This packages utilizes two augmentation methods namely.
They were taken from this paper: https://arxiv.org/abs/1910.04176
- Noise injection (aka radiation therapy): this simply upsamples a given list of embeddings with random noise.
- Delta_S: Which takes in a given array and extrapolates data given a target label.

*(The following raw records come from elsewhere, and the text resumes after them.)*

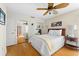 Bedroom with mirrored closet doors and ceiling fan at 221 Tenacity Ln, Sarasota, FL 34242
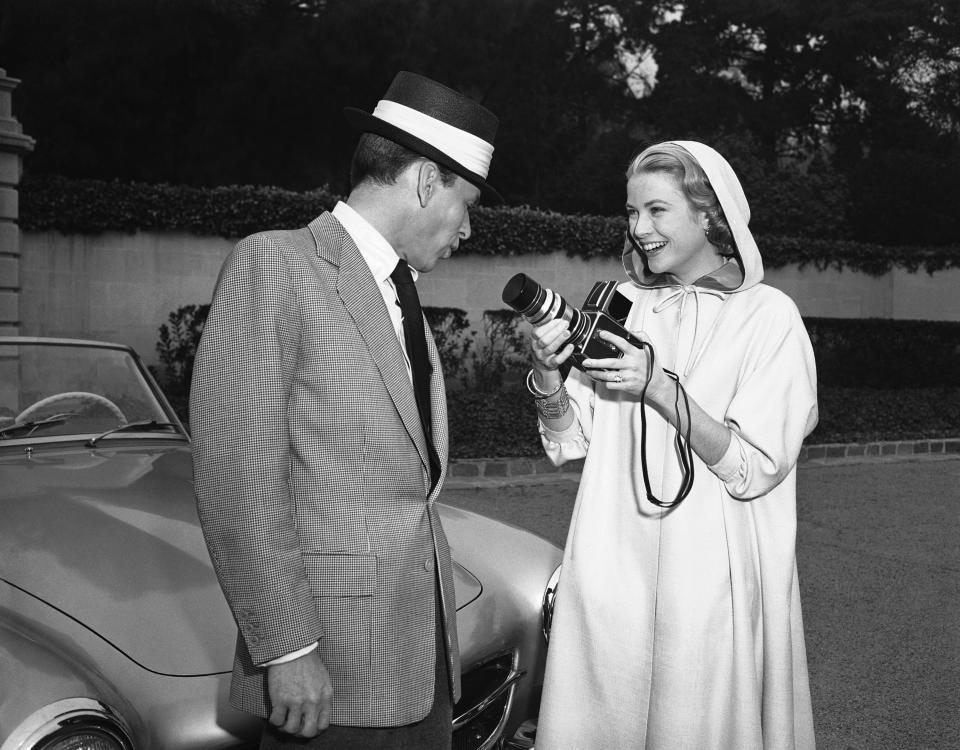 Grace Kelly with Frank Sinatra on the set of 'High Society' on Jan. 19, 1956. 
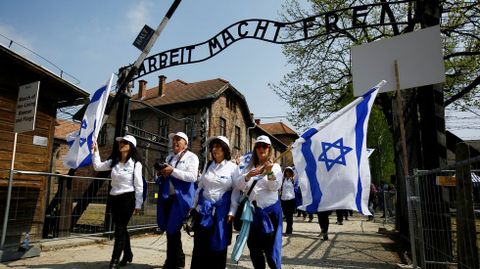 Gente ondea banderas israeles en el campo de concentracin de Auschwitz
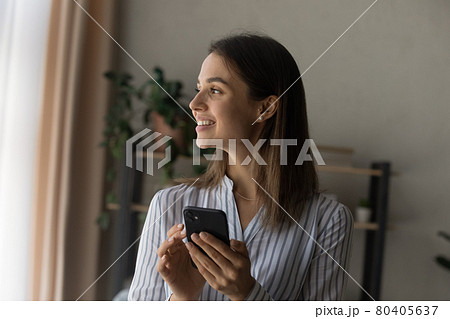 Dreamy beautiful woman holding smartphone standing indoor looks out window Dreamy beautiful woman holding smartphone standing indoor looks out window 80405637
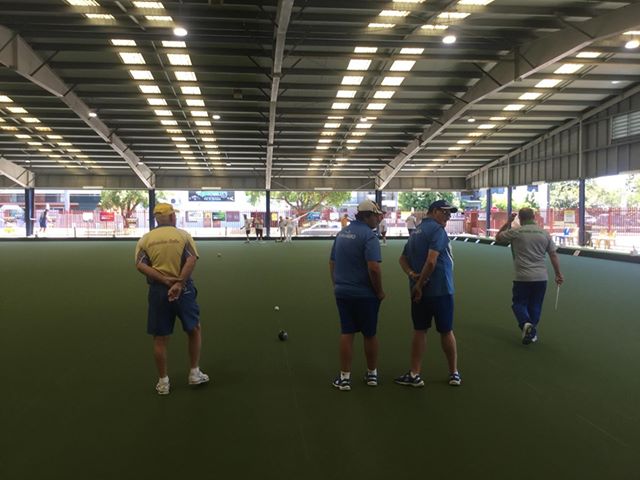 Fred playing lawn bowls with other members of the bowls club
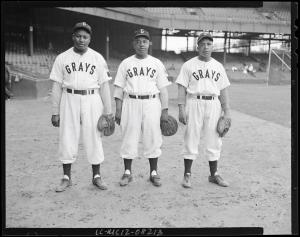 B X W photo of 3 Black baseball players, all wearing uniform identifying them as member of the Grays, on baseball field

!pip install SpaceAugmentation
First you need to import the library and instantiate it
from aug import Augmentation
ag = Augmentation.Augmentation()
l1, l2 = ag.add_noise(list_of_embeddings, list_of_labels)
l1 will be a new list with doubles the size including original embeddings + new embeddings l2 will be new list of labels
l1, l2 = ag.add_noise(list_of_embeddings, list_of_labels, noise_low= 0.0, nose_high= 0.1)
This stems from formula
X_hat =( Xi − Xj ) + Xk
Xi is random sample 1
Xj is random sample 2
Xk is random sample 3
Sample a pair of sentences (Xi, Xj)
from the target
category.
DELTAS applies deltas from the same target category to another sample Xk
l1, l2 = ag.delta_S(list_of_embeddings, list_of_labels, target=0)
This lambda with delta_s fusion is a novel technique that has not been tested yet or introduced yet.
if lambda_ is used then we use the lambda_ value times the delta
X_hat =( Xi − Xj ) * λ + Xk
l1, l2 = ag.delta_S(list_of_embeddings, list_of_labels, target=0, lambda_= 0.3)
More Features will be added soon. Enjoy!